*Task*
Starting at the line that contains "初三下册化学《第十一单元:盐化肥》考试试卷(化学)第5页", transcribe every remaining line of the entries exactly, including the last one.

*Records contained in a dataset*
================================
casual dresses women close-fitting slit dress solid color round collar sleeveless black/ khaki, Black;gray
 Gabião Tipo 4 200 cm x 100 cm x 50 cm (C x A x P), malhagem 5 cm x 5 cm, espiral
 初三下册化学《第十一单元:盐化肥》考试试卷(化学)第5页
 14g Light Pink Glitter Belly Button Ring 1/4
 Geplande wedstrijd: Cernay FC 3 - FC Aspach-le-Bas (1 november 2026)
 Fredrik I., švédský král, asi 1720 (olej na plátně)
================================
*Exercise response*
 初三下册化学《第十一单元:盐化肥》考试试卷(化学)第5页
 14g Light Pink Glitter Belly Button Ring 1/4
 Geplande wedstrijd: Cernay FC 3 - FC Aspach-le-Bas (1 november 2026)
 Fredrik I., švédský král, asi 1720 (olej na plátně)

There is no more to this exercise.